*Provided data*
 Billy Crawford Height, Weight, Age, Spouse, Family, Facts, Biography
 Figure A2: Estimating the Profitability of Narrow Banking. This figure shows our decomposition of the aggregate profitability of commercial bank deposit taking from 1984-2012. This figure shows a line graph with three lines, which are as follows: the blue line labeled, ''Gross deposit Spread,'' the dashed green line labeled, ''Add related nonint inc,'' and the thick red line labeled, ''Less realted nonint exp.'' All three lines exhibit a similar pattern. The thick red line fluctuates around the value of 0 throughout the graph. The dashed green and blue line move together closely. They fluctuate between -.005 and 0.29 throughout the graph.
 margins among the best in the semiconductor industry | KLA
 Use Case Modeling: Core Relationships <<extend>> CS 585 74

*Task*
Restate the data above exactly, keeping each word as it stands.

*Exercise solution*
 Billy Crawford Height, Weight, Age, Spouse, Family, Facts, Biography
 Figure A2: Estimating the Profitability of Narrow Banking. This figure shows our decomposition of the aggregate profitability of commercial bank deposit taking from 1984-2012. This figure shows a line graph with three lines, which are as follows: the blue line labeled, ''Gross deposit Spread,'' the dashed green line labeled, ''Add related nonint inc,'' and the thick red line labeled, ''Less realted nonint exp.'' All three lines exhibit a similar pattern. The thick red line fluctuates around the value of 0 throughout the graph. The dashed green and blue line move together closely. They fluctuate between -.005 and 0.29 throughout the graph.
 margins among the best in the semiconductor industry | KLA
 Use Case Modeling: Core Relationships <<extend>> CS 585 74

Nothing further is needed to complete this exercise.